Although I am not yet feeling 100% and still find the computer and reading strenuous, I am attempting to get back at it with a few short posts here and there. I am off to pick the kids up from camp today and have decided to leave early so that I can visit the beautiful town of Neepawa. I have known about the Neepawa Lily Festival for several years now, as we drive through Neepawa the week before the festival when taking the kids to camp and again on the way back on the weekend of the festival. This year, I decided to leave early enough that I can spend a few hours there enroute to camp. I hope to have a great day and plan to post about my experience next week.
Loathsome Lily Leaf Beetles:
Luckily, I had done a bit of research on Neepawa and the festival events earlier in the summer, so I was already prepared for today’s stop. One of the things I learned in my research was a bit more about the dreaded Lily Leaf Beetle. Our own lilies became infested with these suckers last summer and at the time I had done some research and learned that there wasn’t much you could do about them other than pick them off and squish them. Yuck! Tim has been doing this, but we have not had much luck staying on top of them and they leave a path of destruction in their wake. Of course, as the beetles move west the future of the lilies in Neepawa is at risk with beetles now showing up as close as Gladstone. Although we have not tried any of the recommended courses of action (other than pick and kill), there are some suggestions in this article I found on the Lily Festival Site. It would be such a shame for Manitoba to be infested to such a degree that lilies are wiped out, but from the looks of our garden the outcome seems grim if something is not done to stop them.
The previously mentioned article does offer some hope.

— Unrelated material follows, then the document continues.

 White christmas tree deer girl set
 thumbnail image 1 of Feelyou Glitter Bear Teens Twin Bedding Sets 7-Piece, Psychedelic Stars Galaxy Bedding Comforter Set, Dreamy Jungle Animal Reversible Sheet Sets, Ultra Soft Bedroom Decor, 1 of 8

While the lily leaf beetle has no natural predators, there are a number of ways to control the insect. Hand picking and squishing the bugs works well with adults. Insecticides such as Sevin, Malathion, Safer’s End-All or Rotenone also work well. At the larvae stage, Neem oil can be sprayed on the insects and plant every 5 to 7 days.
Have You Tried Remedies that Work?
If you too have been infested and have found some solutions to these dreaded beasts, I’d love to hear from you. Please leave a comment below. (I think we might try Rotenone which is an organic powder.)
If you are driving the Yellowhead this weekend and have a chance to check-out the festival it runs today, July 25th through to Sunday. Neepawa is approximately 2 hours west of Winnipeg.